## EXERCISE PROMPT
What is needed is the exact text of each line in the listing below from the one with "100 Days of" up to and including the one with "Vestido de fiesta", and no pictures.

## SUPPLIED ENTRIES
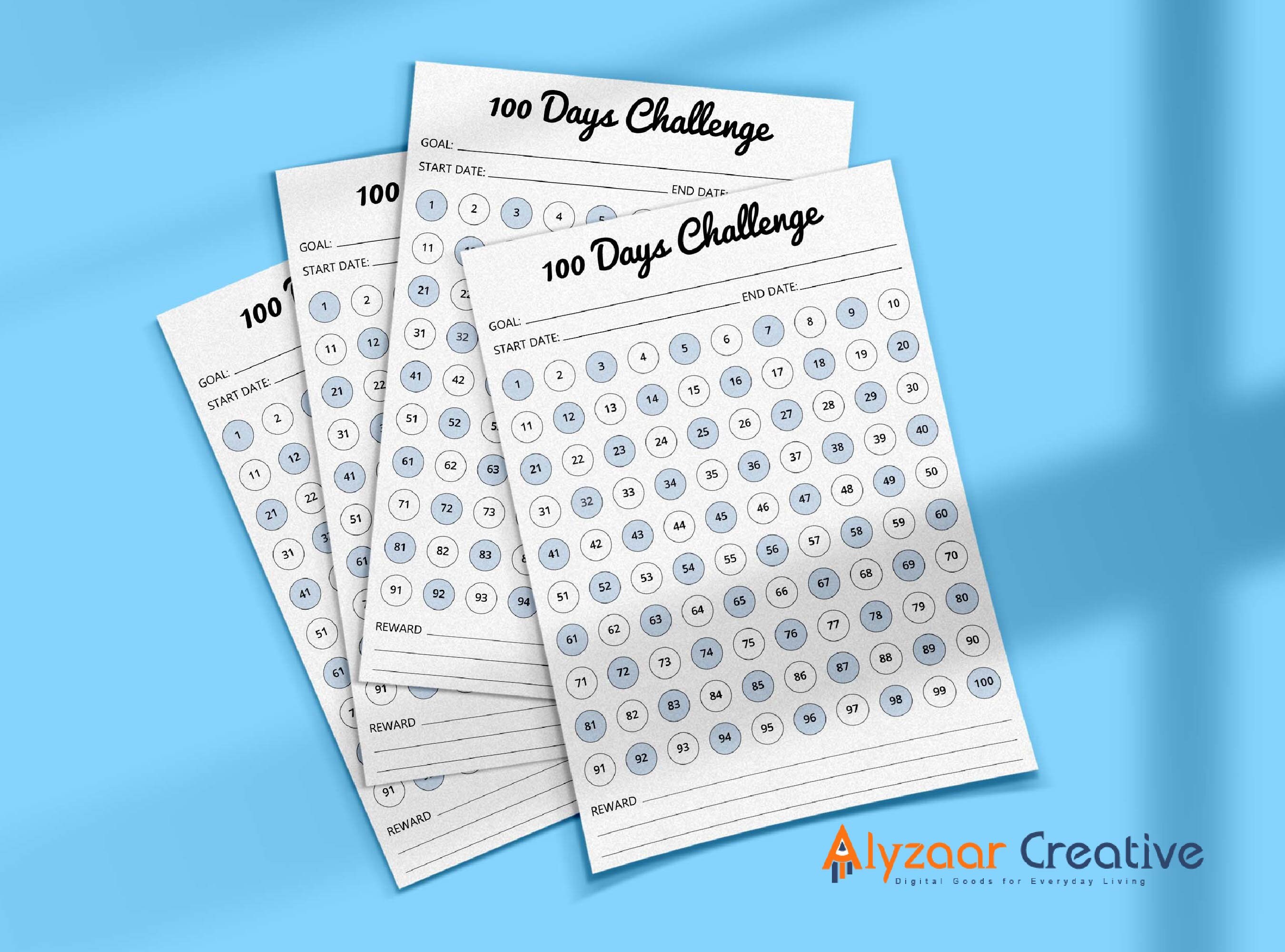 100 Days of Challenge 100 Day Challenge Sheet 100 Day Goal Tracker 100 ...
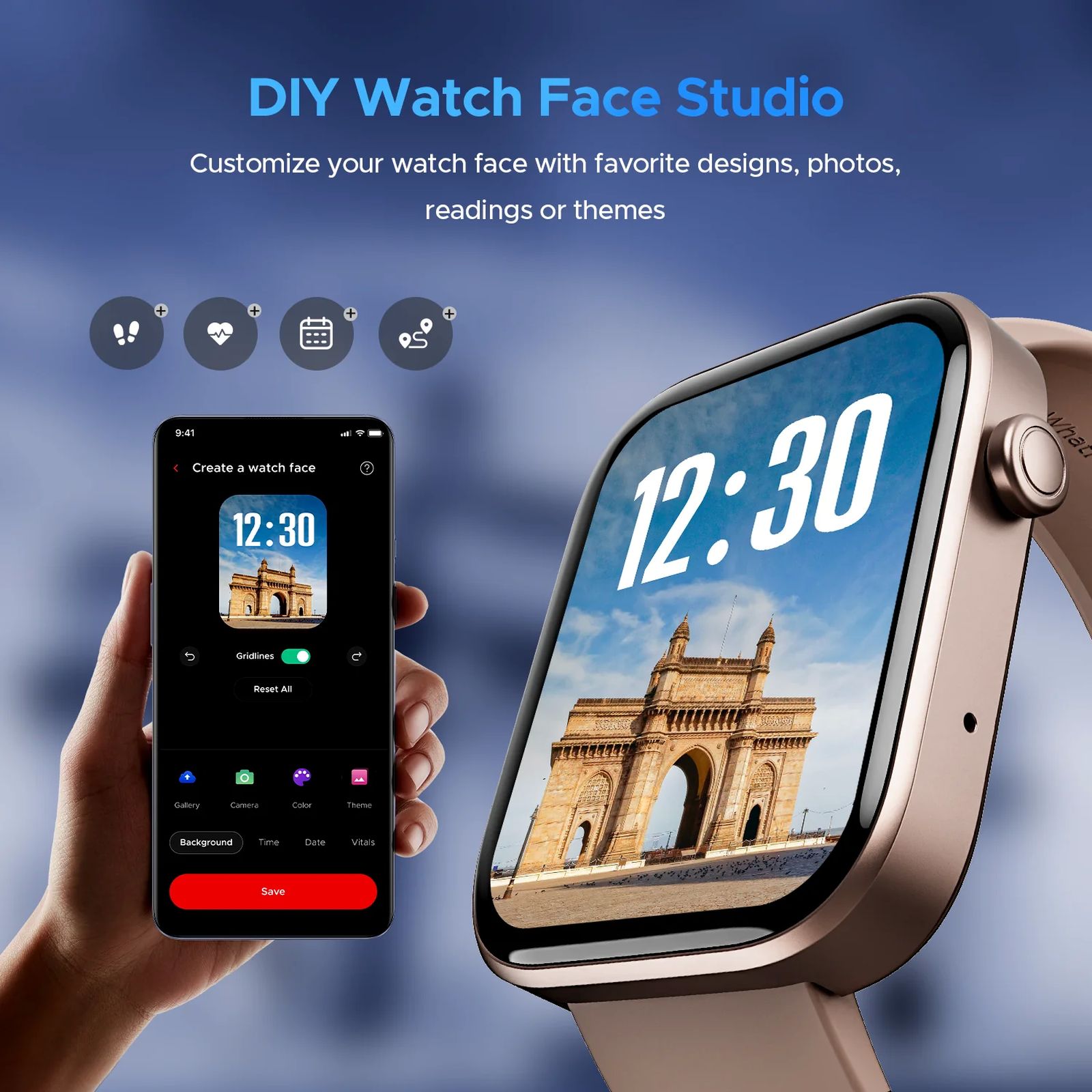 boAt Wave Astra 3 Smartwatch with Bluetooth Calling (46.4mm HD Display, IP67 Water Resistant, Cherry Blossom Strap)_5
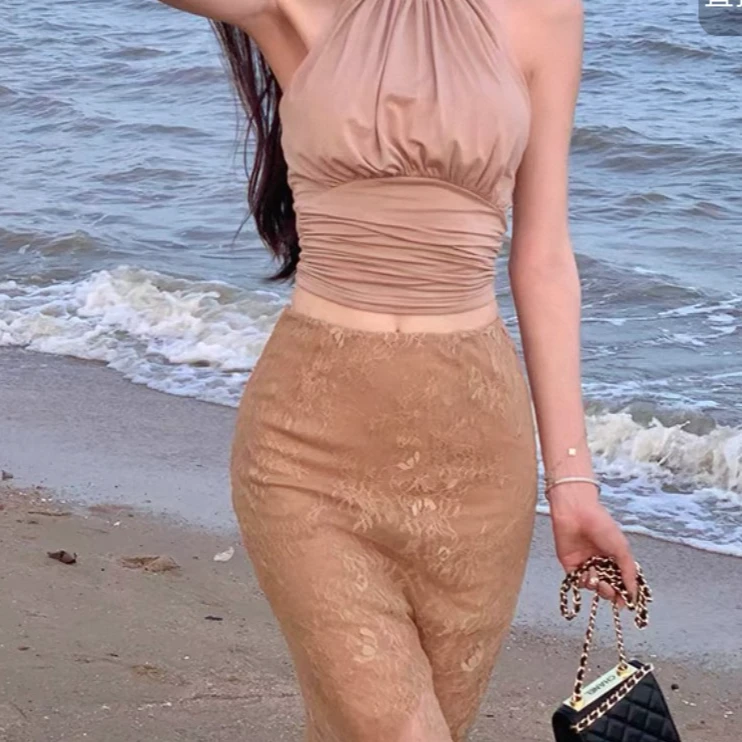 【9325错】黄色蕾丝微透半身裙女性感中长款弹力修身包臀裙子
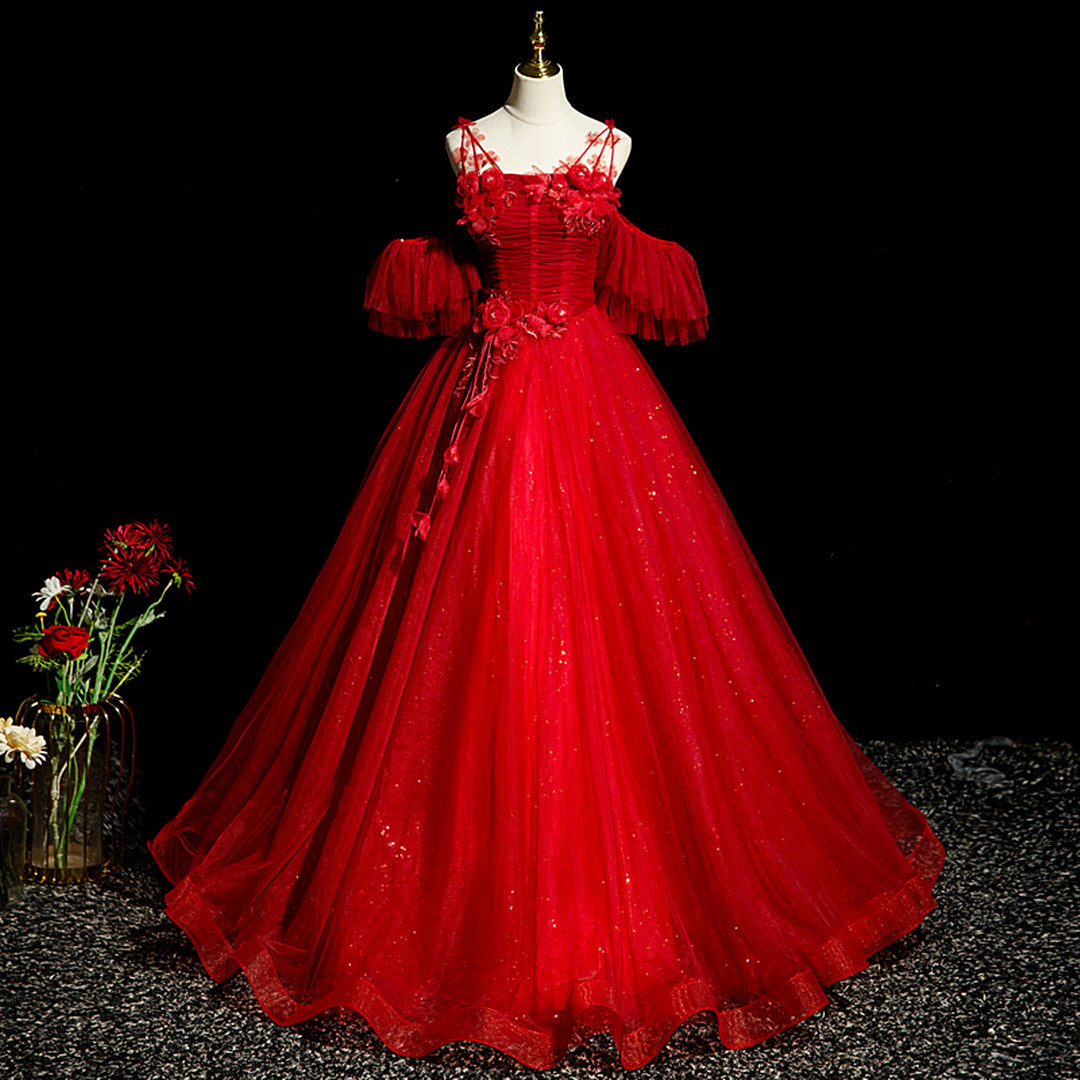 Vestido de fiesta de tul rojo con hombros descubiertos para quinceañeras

* * *

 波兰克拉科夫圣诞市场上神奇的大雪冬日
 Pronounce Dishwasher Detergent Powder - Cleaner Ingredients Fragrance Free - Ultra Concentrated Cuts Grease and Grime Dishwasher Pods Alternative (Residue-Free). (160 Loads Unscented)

* * *

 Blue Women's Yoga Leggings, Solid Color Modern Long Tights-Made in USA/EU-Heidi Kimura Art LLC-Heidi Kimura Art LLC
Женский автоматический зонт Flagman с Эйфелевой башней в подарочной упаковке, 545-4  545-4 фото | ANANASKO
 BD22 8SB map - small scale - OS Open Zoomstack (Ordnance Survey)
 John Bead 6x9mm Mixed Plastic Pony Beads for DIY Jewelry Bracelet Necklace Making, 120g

## ANSWER FOR THE TASK
 100 Days of Challenge 100 Day Challenge Sheet 100 Day Goal Tracker 100 ...
 boAt Wave Astra 3 Smartwatch with Bluetooth Calling (46.4mm HD Display, IP67 Water Resistant, Cherry Blossom Strap)_5
 【9325错】黄色蕾丝微透半身裙女性感中长款弹力修身包臀裙子
 Vestido de fiesta de tul rojo con hombros descubiertos para quinceañeras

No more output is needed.